__TASK OBJECTIVE__:
Copy out all the lines of the data precisely, omitting any pictures.

__RAW DATA__:
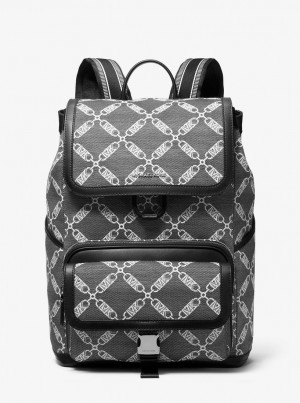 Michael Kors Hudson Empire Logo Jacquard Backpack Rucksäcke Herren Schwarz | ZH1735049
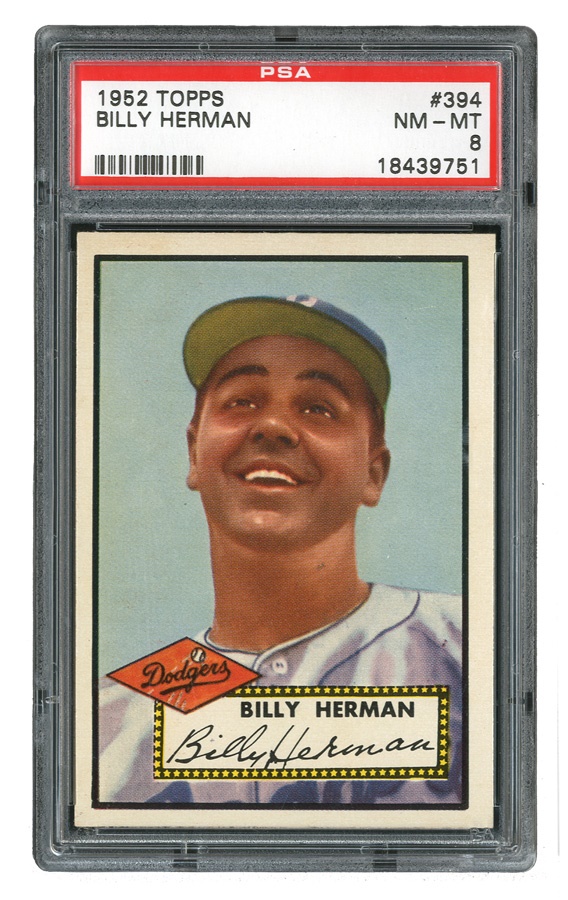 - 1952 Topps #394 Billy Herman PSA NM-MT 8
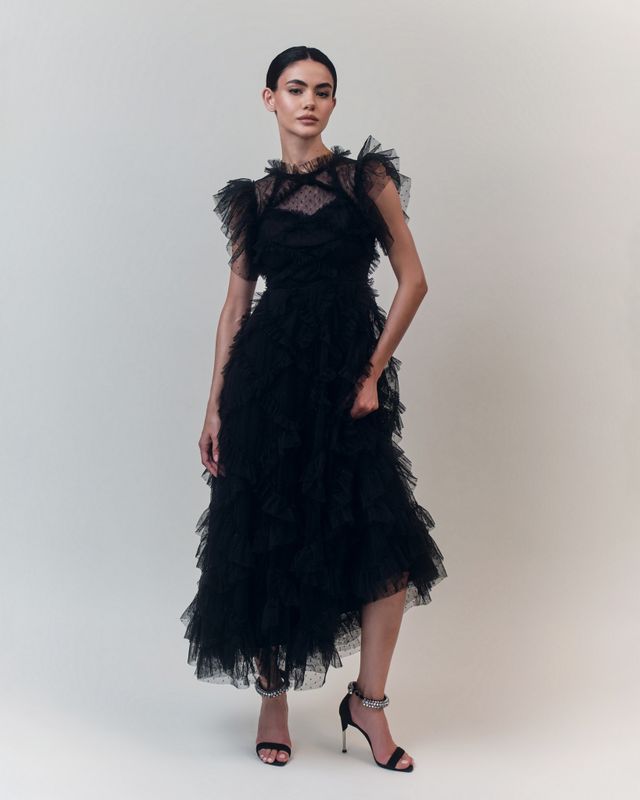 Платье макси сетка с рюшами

__ANSWER BOX__:
 Michael Kors Hudson Empire Logo Jacquard Backpack Rucksäcke Herren Schwarz | ZH1735049
 - 1952 Topps #394 Billy Herman PSA NM-MT 8
 Платье макси сетка с рюшами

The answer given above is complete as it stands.